IN WHAT was a closely guarded secret at Edinburgh’s Festival Fringe, this week comedian Geoff Norcott stunned his audience by bringing on stage Boris Johnson. Instead of performing an hour of stand-up, the Conservative-supporting comic unexpectedly conducted a light-hearted interview with the prime minister.

Geoff Norcott’s questions became increasingly surreal and edgy.
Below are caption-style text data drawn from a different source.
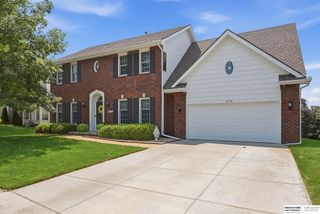 16135 Dewey Avenue, Omaha, NE 68118
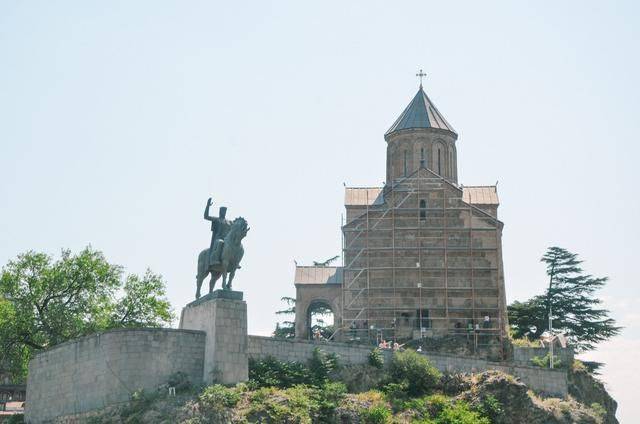 中亚有一个超高颜值的国家,首都颇具魅力,对中国人十分友好9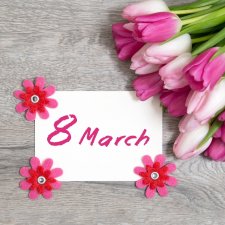 Праздник 8 марта у кукол Тоннер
Asked which politicians he happily would electrocute, Mr Johnson initially said he ‘wouldn’t electrocute anyone’. But egged on by the comedian about giving them ‘a mild shock’, he said: ‘It’s tempting to say I would try to shock Jo Swinson out of her almost criminal contempt for the result of the 2016 referendum.’ 

Norcott cut in and said: ‘And where on the body?’ Prompting laughter, Mr Johnson replied: ‘I wouldn’t want to damage her, er, fertility’.

Norcott then asked the audience for ideas for who Mr Johnson should ‘electrocute’, leading to a person shouting out ‘Nicola Sturgeon’. To which the prime minister said: ‘Nicola Sturgeon – I’ll go with that. But I might go for the full [electrocution].’

Of course this banter between Geoff Norcott and Boris Johnson occurred only in my imagination. Had Johnson joked, even reluctantly, about electrodes to the private parts of Jo Swinson and administering a lethal surge to Nicola Sturgeon, the story and concomitant outrage over his misogyny would have dominated the news cycle. Yet an identical discussion actually did take place, but at the time of writing it has received scant coverage.

The preceding paragraphs replicate the report in the Scottish Sun of an on-stage exchange between Blairite comedian Matt Forde and Scotland’s First Minister Nicola Sturgeon. Except that it was Boris, because of his ‘criminal complacency on a no-deal Brexit’, whom Sturgeon chose to be the recipient of ‘a mild shock’ – although being a virtuous and caring Leftie, she ‘wouldn’t want to damage his, er, leisure pursuits’. And the name shouted from the audience, whom Sturgeon imagined receiving the electric chair, predictably was Donald Trump.

Was this just some harmless political knockabout, not to be taken seriously? In a sane world, probably yes. But suppose it had indeed been two Right-leaning men joking about female political opponents receiving ‘mild shocks’ and ‘electrocution’: the laughing audience would have been branded far-Right bigots, Geoff Norcott would never again appear on the BBC, and all Boris-bashing politicians and commentators would be demanding the prime minister’s resignation.

Other coverage of her appearance with Matt Forde preferred to emphasise that Nicola Sturgeon had complained, seemingly oblivious to the irony, that ‘some of the abuse I get on Twitter would make your hair curl. It’s horrible, misogynist, really filthy stuff’.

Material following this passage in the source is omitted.